While it’s easy to understand the importance of direct data fields, metadata is often underestimated. But in many cases metadata is crucial to distinguish malicious usage patterns. For instance, in the e-commerce fraud world, fraudsters are commonly faced with the dilemma of scaling up fraudulent transactions or mimicking the behaviour of normal customers at the same time. They make considerable efforts to blend in with normality and often only the trails of automation is what enables to identify them. Trails of automation can be found in metadata, such as a certain sequence (or absence) of query parameters, ip-addresses in X-FORWARDED-FOR headers, composition of JSON payloads, etc. Transforming data elements to JSON will make this information disappear.
Secondly, the normalisation process involves Extraction (of fields), Transformation (assigning a type) and Load (into the system). The downside of ETL is that it is not resistant to changes in the record structure of logs that are not in a machine readable format (JSON, XML). Extraction from such logs relies on assumptions on the sequence and format of data elements. When that happens, you’re basically left with two options, both with severe consequences:
- ETL process is aborted (provided that the parsing process is able to detect parsing failures) resulting with missing data in the system. Consider the impact of losing a data source of vital real-time alerting.
- Invalid data gets loaded into the system and the errors remain persistent. Obviously, this may lead to wrong conclusions of an otherwise correct analysis, regardless whether it is near-term or historical.

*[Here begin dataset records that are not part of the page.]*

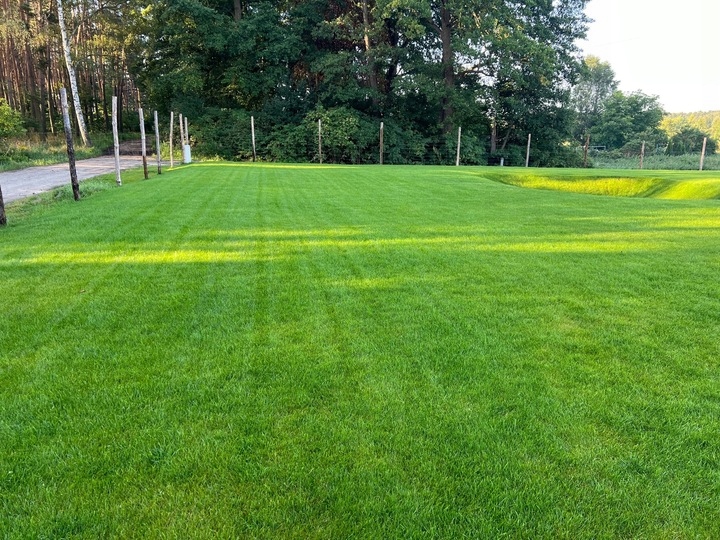 hustý a odolný trávnik Barenbrug RPR Lawn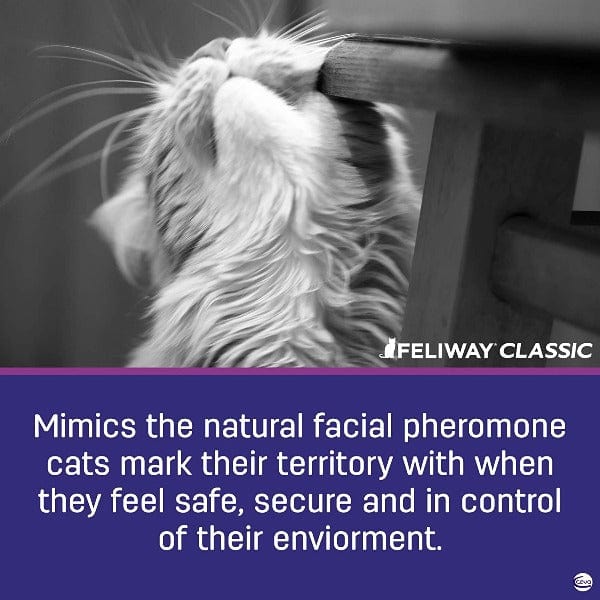 FELIWAY CLASSIC Cat Pheromone Spray for Calming and Behavior Control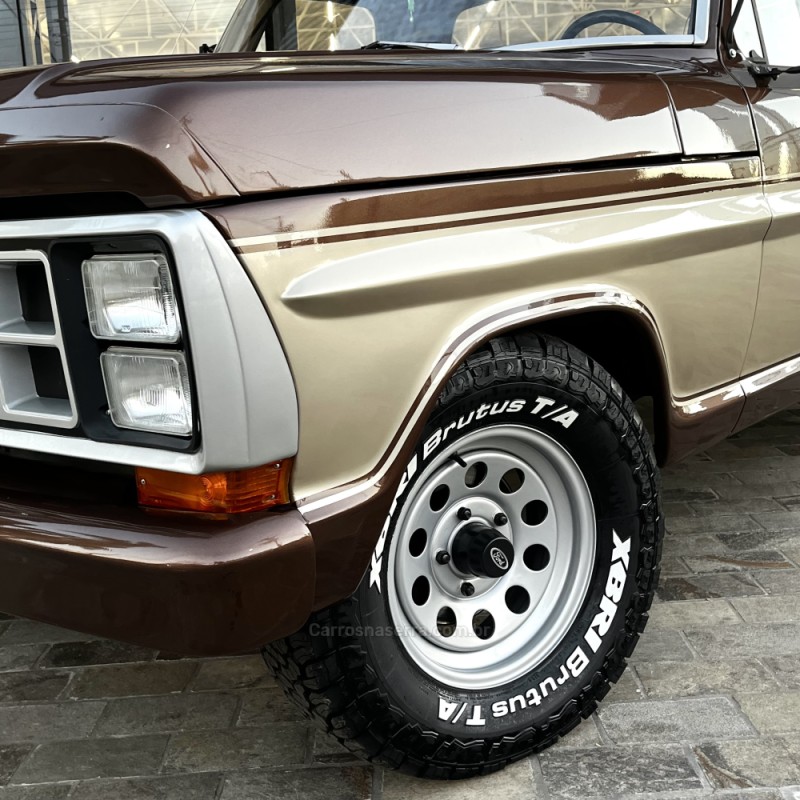 F-1000 3.9 SUPER SÉRIE CS 8V DIESEL 2P MANUAL - 1983 - VACARIA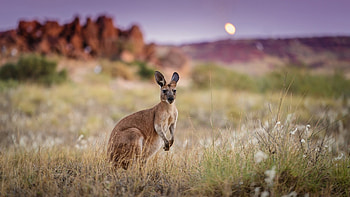 Australia morning, Kangaroo , , Mobile backgrounds HD wallpaper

Recovering from such situations requires fixing the Extraction (parsing) step and repeating the whole ETL. The second is actually even worse, since it involves identifying and removing erroneous records from the storage. Still, both of these have a high impact to the SIEM monitoring and historical analysis processes. This is the reason why SIEM solutions use input data which is very static — network security appliance logs, commodity web server logs, etc. In fact, I regard this as a major factor preventing using application logs for security event monitoring and analysis. Which is quite unfortunate since application logs are very rich in context for identifying many types of malicious acts.
When it comes to historical analysis, the chances of structure changes is even higher as you’re looking at logs over longer period. Failure to identify changes equals losing input data, which may lead to wrong results and failure to discover new information.
Vendor Locked Data
It should be pretty obvious by now why attempting to use a SIEM as your long term data storage is a Very Bad Idea. However, there is even one more aspect to it. All the data fed into the SIEM ends up stored in a vendor specific format. When you wish to try out new algorithms, methods using another tool, you’ll be facing the task of exporting data. You’ll be lucky if the vendor supplies tools for that. Often, this is not the case. Since vendors do not generally make their internal formats public, the exporting task becomes essentially a reverse engineering task, problematic both from technical as well as from the legal side. Recall that every transformation may also cause data loss.
The concept of data enrichment means adding supplemental information (like geo-location, transaction numbers, application data, etc.) to logs and events to enhance analysis and reporting (definition borrowed from here). Essentially there are two ways for adding complementary data: i) as additional fields to log records, added at load time or ii) as additional fields in the resultset, added at query time.
Many SIEM’s allow enrichment only by the first method. This is understandable as their need to deliver results in real-time manner explains the desire to offload any additional processing. And the fact that supplemental data is added before query execution is not a problem here either, since the mission is to detect known threats.
However, it becomes an issue for historical analysis. With the mission to discover new information you can’t really predict what supplemental information you need BEFORE the start of analysis. The only reasonable way is to enrich data dynamically.
Always keep your logs in original raw form. Feed your SIEM with data in parallel, but never as a replacement for long term storage (i.e log management is a must have). In this way you avoid data loss and vendor lock-in situations.
Use analysis tools allowing defining schema/format of data during query (as opposed to during ETL). This provides you with flexibility to adopt to structural changes in log records. Even better if the tool is able to notify you of the changes.
To sum up I believe SIEM vendors will be struggling hard to conquer the long term analytics space.